◆ Task to complete: The entries below contain a line with "Geri Halliwell wearing" and a line with "I riflettori del". Quote exactly those two lines and all lines between them.

◆ Working data:
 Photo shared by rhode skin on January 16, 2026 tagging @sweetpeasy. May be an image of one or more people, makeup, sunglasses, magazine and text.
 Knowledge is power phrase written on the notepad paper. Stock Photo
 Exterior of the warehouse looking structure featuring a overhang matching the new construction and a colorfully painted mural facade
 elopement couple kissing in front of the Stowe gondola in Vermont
...
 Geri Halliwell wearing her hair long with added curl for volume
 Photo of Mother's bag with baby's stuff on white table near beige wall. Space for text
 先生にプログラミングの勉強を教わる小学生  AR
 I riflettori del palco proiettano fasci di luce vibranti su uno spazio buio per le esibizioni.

◆ Exercise output:
 Geri Halliwell wearing her hair long with added curl for volume
 Photo of Mother's bag with baby's stuff on white table near beige wall. Space for text
 先生にプログラミングの勉強を教わる小学生  AR
 I riflettori del palco proiettano fasci di luce vibranti su uno spazio buio per le esibizioni.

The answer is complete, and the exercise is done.